I'm trying to figure out how I can verify what I'm feeding into carrierwave is actually an image. The source I'm getting my image urls from isn't giving me back all live urls. Some of the images no longer exist. Unfortunately it doesn't really return the right status codes or anything because I was using some code to check if the remote file exists and it was passing that check. So now just to be on the safe side I'd like a way to verify i'm getting back a valid image file before I go ahead and download it.

Here is the remote file checking code I was using just for reference but I'd prefer something that actually can identify that the files are images.

require 'open-uri'
require 'net/http'

def remote_file_exists?(url)
    url = URI.parse(url)
    Net::HTTP.start(url.host, url.port) do |http|
      return http.head(url.request_uri).code == "200"
    end
end

回答1:

I would check to see if the service returns the proper mime types in the Content-Type HTTP header. (here's a list of mime types)
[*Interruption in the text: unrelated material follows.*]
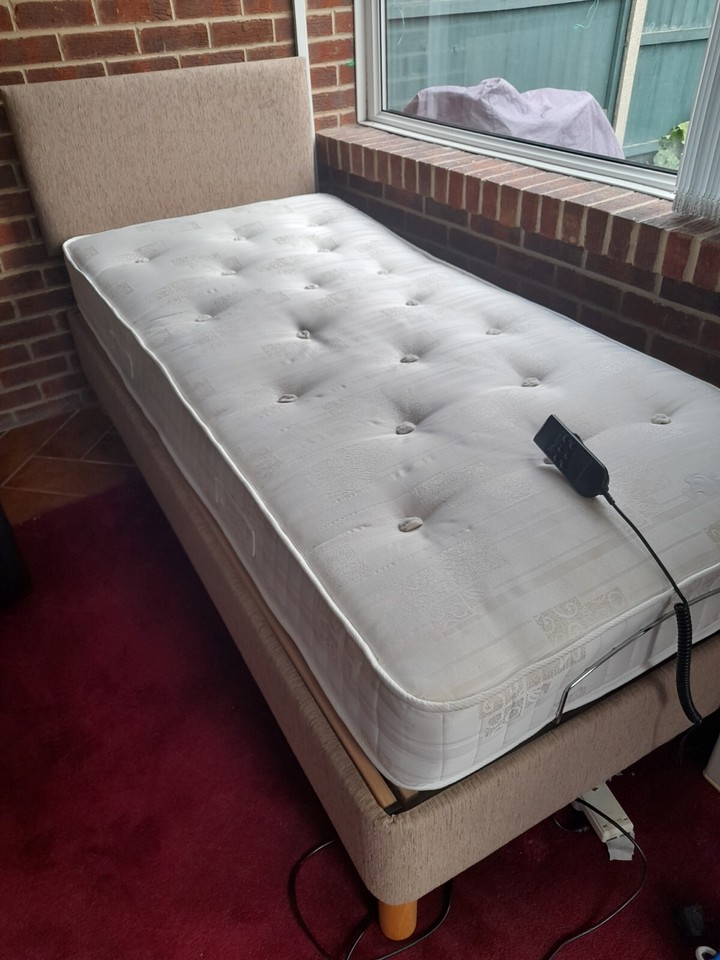 Adjustabed Electric Single Bed With Remote Control eBay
For example, the Content-Type of the StackOverflow homepage is text/html; charset=utf-8, and the Content-Type of your gravatar image is image/png

To check the Content-Type header for image in ruby using Net::HTTP, you would use the following:

def remote_file_exists?(url)
    url = URI.parse(url)
    Net::HTTP.start(url.host, url.port) do |http|
      return http.head(url.request_uri)['Content-Type'].start_with? 'image'
    end
end


回答2:

Rick Button's answer worked for me but I needed to add SSl support:

def self.remote_image_exists?(url)
  url = URI.parse(url)
  http = Net::HTTP.new(url.host, url.port)
  http.use_ssl = (url.scheme == "https")

  http.start do |http|
    return http.head(url.request_uri)['Content-Type'].start_with? 'image'
  end
end


回答3:

I ended up using HTTParty for this. The .net request answer from Rick Button kept timing out.

  def remote_file_exists?(url)
    response = HTTParty.get(url)
    response.code == 200 && response.headers['Content-Type'].start_with? 'image'
  end

https://github.com/jnunemaker/httparty